Work instructions:
The listing below contains a span that opens with the line containing "Flipkart Smartbuy FKCPK161 Cooling Pad 1 N" and closes with the line containing "宮崎総合博物館古民家園". Return that span exactly.

▬▬▬

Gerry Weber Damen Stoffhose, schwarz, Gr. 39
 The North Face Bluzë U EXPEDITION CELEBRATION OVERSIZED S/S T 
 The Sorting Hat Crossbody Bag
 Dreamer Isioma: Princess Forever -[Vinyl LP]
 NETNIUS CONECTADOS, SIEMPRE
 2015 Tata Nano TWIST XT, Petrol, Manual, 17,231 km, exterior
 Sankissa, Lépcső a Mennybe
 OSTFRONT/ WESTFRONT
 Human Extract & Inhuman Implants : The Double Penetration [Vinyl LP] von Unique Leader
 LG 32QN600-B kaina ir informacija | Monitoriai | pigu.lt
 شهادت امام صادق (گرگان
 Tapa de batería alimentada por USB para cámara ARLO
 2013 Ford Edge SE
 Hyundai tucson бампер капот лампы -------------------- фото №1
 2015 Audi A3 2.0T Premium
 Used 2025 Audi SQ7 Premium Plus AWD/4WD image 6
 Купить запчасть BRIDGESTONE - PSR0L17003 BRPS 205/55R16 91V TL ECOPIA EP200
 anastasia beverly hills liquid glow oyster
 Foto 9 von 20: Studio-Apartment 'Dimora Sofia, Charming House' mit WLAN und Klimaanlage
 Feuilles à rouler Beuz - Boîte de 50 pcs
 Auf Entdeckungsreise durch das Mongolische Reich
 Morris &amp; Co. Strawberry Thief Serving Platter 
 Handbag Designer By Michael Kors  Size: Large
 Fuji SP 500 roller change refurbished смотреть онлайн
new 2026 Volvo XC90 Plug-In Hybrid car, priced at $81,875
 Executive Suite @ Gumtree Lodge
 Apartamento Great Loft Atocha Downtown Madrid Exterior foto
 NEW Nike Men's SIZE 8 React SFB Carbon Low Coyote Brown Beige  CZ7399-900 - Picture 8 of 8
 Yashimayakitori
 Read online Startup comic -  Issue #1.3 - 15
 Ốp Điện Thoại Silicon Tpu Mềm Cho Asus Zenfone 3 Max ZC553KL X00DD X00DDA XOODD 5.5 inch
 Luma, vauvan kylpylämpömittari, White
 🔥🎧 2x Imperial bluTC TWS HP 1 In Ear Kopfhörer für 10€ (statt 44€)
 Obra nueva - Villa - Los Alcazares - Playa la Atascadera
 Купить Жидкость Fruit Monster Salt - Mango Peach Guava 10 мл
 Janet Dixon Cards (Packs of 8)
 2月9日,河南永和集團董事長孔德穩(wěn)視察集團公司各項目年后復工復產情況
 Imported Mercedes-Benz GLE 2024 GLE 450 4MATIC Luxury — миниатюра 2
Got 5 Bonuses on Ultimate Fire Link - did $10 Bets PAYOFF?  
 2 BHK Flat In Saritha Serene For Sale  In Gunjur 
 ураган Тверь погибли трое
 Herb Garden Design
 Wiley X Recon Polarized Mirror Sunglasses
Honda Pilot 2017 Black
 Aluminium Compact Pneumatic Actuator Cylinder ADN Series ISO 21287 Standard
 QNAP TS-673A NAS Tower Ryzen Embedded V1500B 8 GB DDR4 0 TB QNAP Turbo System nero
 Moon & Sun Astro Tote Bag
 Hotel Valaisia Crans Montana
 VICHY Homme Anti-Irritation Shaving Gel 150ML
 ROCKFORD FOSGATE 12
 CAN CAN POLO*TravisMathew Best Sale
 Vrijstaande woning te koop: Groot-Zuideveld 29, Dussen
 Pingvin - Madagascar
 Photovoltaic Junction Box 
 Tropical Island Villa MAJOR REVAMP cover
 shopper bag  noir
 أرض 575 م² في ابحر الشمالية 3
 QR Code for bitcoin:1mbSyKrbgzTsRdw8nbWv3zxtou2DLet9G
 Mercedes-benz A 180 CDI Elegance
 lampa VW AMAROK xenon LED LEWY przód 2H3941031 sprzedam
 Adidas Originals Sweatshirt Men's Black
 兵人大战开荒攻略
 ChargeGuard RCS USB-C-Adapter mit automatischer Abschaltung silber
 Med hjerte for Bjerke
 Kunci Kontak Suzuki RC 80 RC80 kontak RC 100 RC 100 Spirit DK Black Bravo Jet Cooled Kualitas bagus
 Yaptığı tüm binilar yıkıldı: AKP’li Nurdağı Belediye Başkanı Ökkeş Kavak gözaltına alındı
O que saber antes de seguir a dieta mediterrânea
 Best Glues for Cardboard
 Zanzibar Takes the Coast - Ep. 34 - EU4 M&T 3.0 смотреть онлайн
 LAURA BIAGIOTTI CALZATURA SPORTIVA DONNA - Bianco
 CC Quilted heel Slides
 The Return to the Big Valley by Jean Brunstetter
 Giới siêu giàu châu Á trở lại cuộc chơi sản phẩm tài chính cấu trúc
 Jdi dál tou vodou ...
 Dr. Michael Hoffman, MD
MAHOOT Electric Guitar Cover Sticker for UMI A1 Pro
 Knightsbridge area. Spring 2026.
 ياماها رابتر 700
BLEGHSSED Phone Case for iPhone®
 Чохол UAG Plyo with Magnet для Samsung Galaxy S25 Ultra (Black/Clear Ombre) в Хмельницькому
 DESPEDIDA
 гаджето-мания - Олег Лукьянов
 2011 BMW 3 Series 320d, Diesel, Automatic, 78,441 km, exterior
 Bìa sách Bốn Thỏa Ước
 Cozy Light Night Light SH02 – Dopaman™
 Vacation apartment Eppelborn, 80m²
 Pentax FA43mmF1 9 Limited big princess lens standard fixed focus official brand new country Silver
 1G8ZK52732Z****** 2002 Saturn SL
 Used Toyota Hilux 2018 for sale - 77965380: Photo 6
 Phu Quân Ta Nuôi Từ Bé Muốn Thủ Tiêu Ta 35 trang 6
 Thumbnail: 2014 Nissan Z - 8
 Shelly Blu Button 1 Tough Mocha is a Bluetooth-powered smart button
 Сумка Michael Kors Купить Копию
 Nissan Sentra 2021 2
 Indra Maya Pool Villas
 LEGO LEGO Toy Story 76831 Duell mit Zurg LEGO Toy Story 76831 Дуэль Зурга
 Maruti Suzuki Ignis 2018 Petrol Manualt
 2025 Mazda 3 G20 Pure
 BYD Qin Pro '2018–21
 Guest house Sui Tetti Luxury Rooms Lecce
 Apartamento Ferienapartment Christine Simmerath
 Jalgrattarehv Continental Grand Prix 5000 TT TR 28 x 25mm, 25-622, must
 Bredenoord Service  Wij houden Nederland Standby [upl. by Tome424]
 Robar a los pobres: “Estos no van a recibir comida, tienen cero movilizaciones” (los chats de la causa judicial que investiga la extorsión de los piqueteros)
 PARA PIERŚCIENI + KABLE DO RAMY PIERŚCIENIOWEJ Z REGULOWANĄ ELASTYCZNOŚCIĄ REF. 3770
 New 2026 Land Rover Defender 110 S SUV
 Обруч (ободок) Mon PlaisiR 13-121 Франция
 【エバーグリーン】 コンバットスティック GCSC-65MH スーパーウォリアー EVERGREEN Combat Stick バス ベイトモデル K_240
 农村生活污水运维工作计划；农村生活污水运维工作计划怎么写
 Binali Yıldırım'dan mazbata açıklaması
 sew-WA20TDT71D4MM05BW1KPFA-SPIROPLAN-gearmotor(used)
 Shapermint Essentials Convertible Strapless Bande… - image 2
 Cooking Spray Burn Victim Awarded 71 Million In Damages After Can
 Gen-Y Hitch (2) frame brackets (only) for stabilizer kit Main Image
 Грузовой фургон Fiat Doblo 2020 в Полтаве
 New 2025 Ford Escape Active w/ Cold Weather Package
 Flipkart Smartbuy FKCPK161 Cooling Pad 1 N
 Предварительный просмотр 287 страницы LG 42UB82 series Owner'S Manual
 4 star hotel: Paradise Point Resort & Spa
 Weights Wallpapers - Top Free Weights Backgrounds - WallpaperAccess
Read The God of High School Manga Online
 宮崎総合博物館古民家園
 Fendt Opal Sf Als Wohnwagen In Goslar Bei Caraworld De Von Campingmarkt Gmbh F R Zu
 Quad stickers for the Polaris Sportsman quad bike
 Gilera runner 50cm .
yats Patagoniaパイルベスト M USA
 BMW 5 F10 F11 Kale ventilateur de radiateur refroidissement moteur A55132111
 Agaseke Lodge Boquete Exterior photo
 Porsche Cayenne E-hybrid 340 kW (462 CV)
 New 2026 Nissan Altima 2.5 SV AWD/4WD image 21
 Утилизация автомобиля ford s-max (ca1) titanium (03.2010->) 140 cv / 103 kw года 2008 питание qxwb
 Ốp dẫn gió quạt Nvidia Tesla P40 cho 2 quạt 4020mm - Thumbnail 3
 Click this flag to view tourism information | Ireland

▬▬▬

Answer section:
 Flipkart Smartbuy FKCPK161 Cooling Pad 1 N
 Предварительный просмотр 287 страницы LG 42UB82 series Owner'S Manual
 4 star hotel: Paradise Point Resort & Spa
 Weights Wallpapers - Top Free Weights Backgrounds - WallpaperAccess
Read The God of High School Manga Online
 宮崎総合博物館古民家園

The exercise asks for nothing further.